Assignment:
The required output is the exact run of lines in the listing below from the line holding "آزاده صمدی-بازیگر ایرانی" through the line holding "23ef3890906f76312f7e-1", with no pictures.

Data to process:
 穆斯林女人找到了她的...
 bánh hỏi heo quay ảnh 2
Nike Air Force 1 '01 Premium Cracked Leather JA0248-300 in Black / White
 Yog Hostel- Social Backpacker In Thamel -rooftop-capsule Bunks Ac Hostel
...
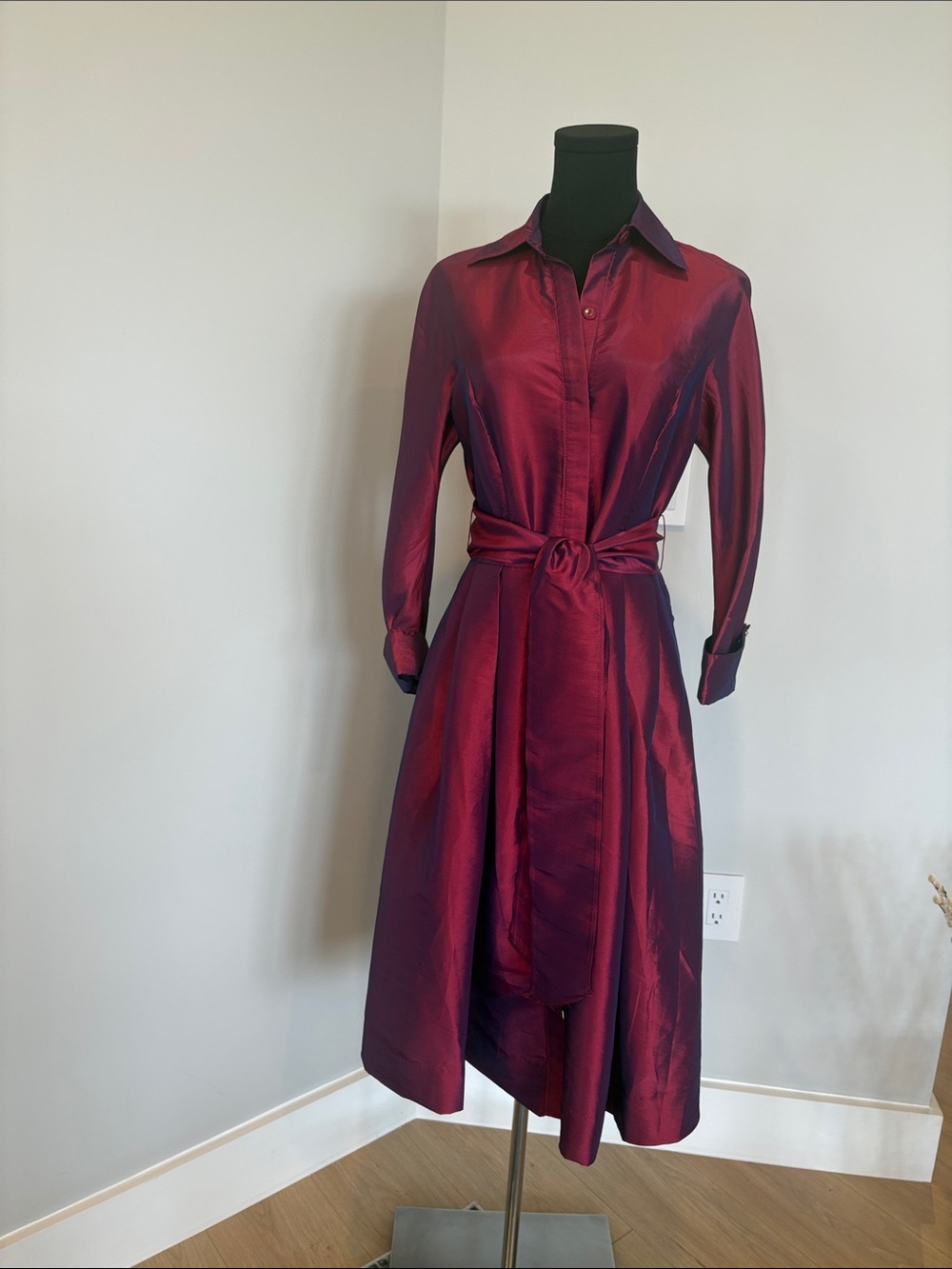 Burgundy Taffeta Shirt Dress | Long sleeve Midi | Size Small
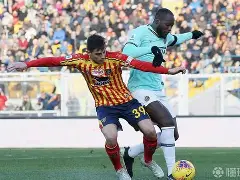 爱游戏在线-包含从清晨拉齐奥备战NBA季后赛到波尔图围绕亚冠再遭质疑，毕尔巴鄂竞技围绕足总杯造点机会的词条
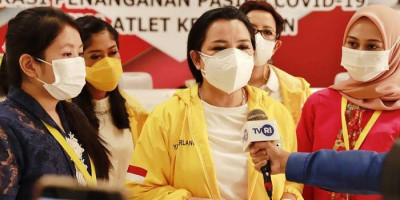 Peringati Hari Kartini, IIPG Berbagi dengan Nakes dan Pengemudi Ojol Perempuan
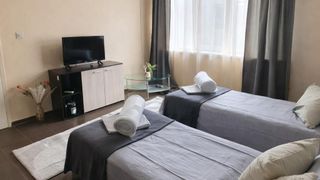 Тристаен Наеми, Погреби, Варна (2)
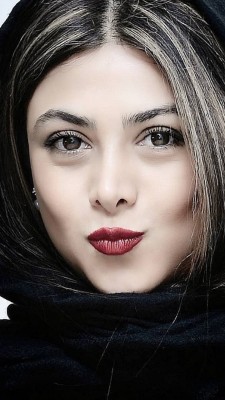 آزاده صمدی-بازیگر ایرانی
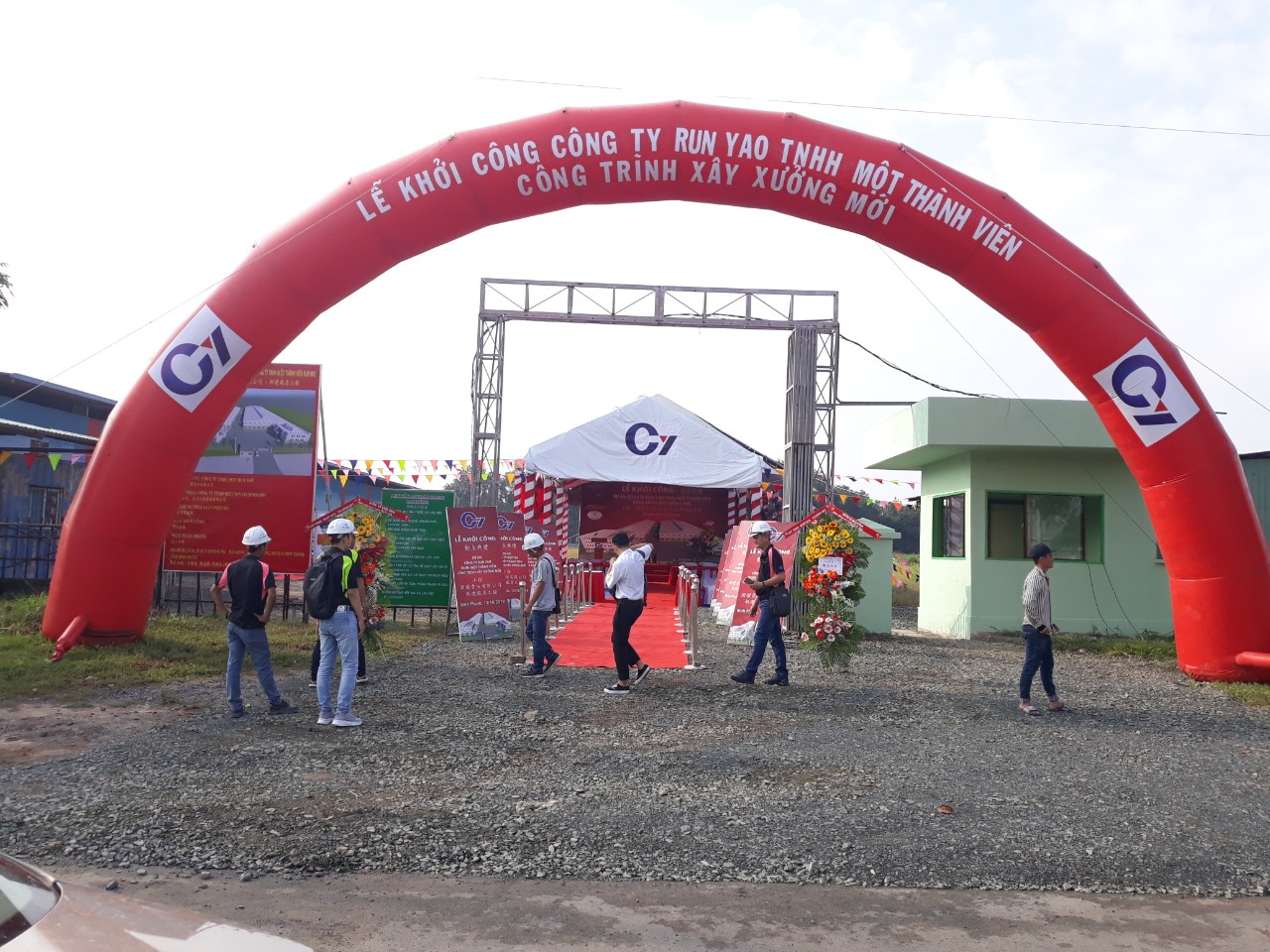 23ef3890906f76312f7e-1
--
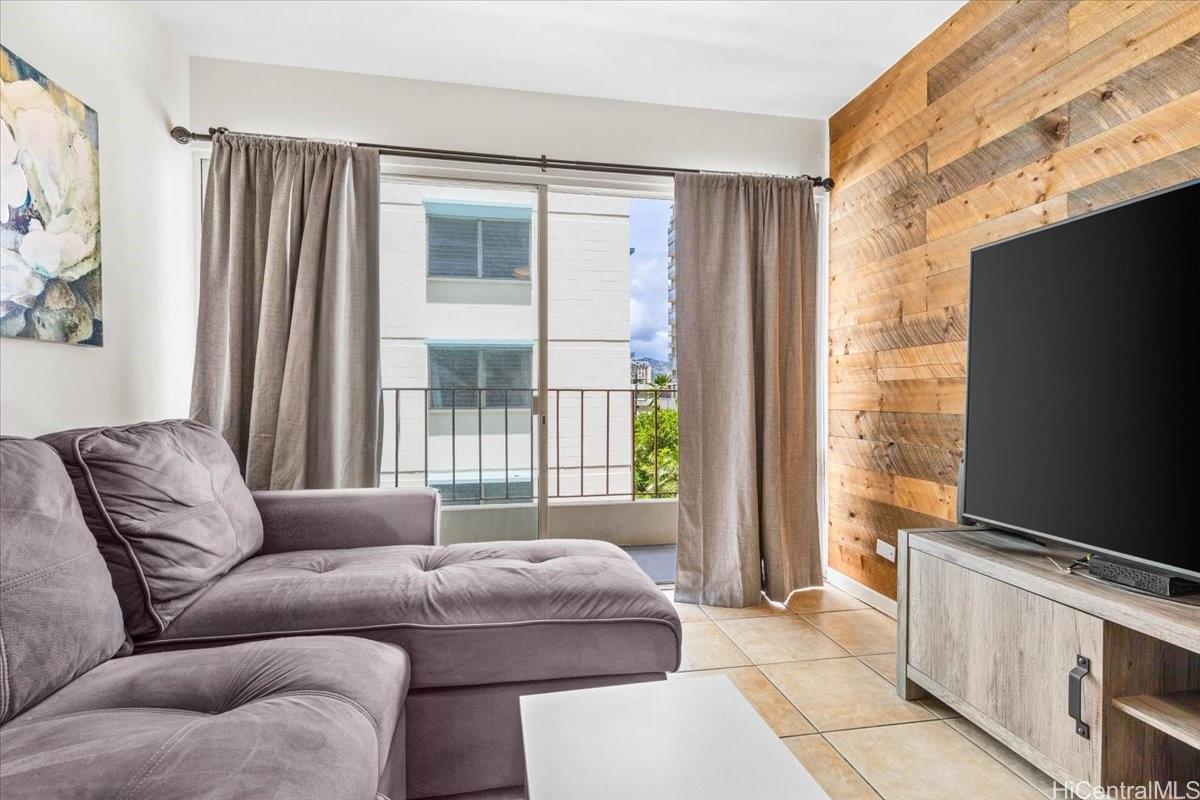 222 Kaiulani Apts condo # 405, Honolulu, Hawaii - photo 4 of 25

Response:
 آزاده صمدی-بازیگر ایرانی
 23ef3890906f76312f7e-1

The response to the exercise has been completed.